- [Your task]
Would you please print the data a second time, exactly as it stands?

- [Source data]

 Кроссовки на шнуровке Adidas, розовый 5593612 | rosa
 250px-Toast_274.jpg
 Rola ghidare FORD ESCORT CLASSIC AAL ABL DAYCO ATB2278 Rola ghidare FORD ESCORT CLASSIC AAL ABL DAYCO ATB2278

- [Response to the task]
 Кроссовки на шнуровке Adidas, розовый 5593612 | rosa
 250px-Toast_274.jpg
 Rola ghidare FORD ESCORT CLASSIC AAL ABL DAYCO ATB2278 Rola ghidare FORD ESCORT CLASSIC AAL ABL DAYCO ATB2278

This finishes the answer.